Copy exactly. Begin with the line that contains "Carica l&#39;immagine nel" and stop after the last line of the records.

▼

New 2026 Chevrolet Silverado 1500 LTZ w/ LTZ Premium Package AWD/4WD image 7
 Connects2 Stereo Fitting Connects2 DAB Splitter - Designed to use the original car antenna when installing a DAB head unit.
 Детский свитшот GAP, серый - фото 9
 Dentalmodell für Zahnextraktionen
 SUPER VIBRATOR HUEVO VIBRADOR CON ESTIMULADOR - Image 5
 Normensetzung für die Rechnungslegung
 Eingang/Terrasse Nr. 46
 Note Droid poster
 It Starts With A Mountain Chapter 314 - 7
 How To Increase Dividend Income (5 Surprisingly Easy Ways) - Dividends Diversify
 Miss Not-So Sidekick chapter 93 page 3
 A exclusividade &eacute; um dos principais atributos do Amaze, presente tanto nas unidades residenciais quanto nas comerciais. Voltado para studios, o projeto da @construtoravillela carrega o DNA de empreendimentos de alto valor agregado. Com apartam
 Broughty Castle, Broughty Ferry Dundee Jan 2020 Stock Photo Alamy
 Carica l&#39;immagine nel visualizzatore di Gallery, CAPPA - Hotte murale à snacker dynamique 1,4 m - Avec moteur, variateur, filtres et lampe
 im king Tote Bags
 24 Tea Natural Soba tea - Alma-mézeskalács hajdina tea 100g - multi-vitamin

▲

▶ _Finished task_:
 Carica l&#39;immagine nel visualizzatore di Gallery, CAPPA - Hotte murale à snacker dynamique 1,4 m - Avec moteur, variateur, filtres et lampe
 im king Tote Bags
 24 Tea Natural Soba tea - Alma-mézeskalács hajdina tea 100g - multi-vitamin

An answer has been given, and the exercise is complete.